Perhaps it is time to sell the last of my Microsoft stock

I saw an interview with Bill Gates linked from Slashdot. Yes, Gates really does compare Free Software with Communism. I suppose that some non-thinkers might swallow this bullshit. As someone pointed out on Slashdot, Free Software and Open Source software is more akin to a community bake sale at a church: people cooperating for local benefit. Gate's argument (as the same poster said on Slashdot) is like: protect the property rights of restaurants by banning church bake sales -- a great way to argue the point and refute Gates' lame argument.

I differ slightly with people like Richard Stallman at the FSF because I think that commercial, Open Source (BSD, Apache, etc. licenses), and Free Software (GPL licensed) all have a place in the IT ecosphere.
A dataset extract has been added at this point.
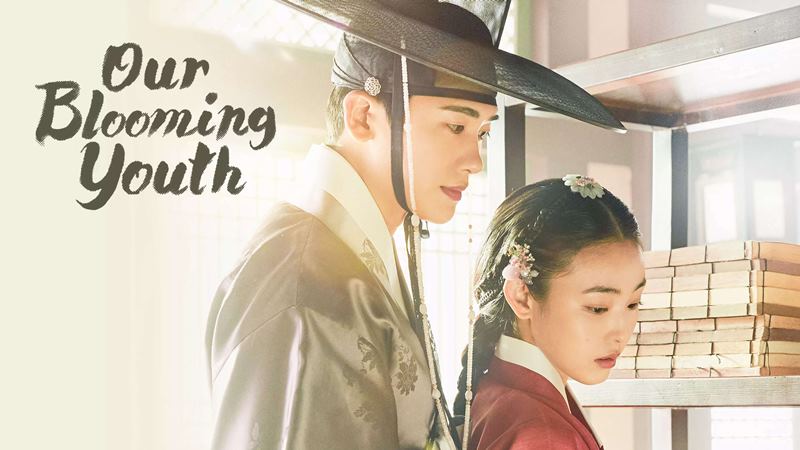 Our blooming youth - Thanh xuân nguyệt đàm (2023) Our blooming youth - Thanh xuân nguyệt đàm (2023)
Still, Stallman makes more sense to me than Gates. I need sales from my commercial software products to augment my consulting income but I am always trying to find ways to also justify Free Software projects when they make sense. I also base so much of my consulting business on Free or Open Source projects like Linux, Tomcat, Apache, etc. that I am naturally prejudiced in favor of supporting free infrastructure software.

I usually do not blame people for "voting with their wallet": owners of non-US based corporations win big with Bush by reducing their tax bills; Bill Gates sees his business slightly eroding because of projects like Linux and Open Office.org so he attacks these projects any way that he can, etc. Can't blame them. However, for small companies, consultants, etc. there are enormous benefits to using high quality free infrastructure software. Reducing overall costs for customers means getting more work in the long run: the less people have to pay for both hardware and software infrastructure, they can afford more custom software projects or simply pocket the savings.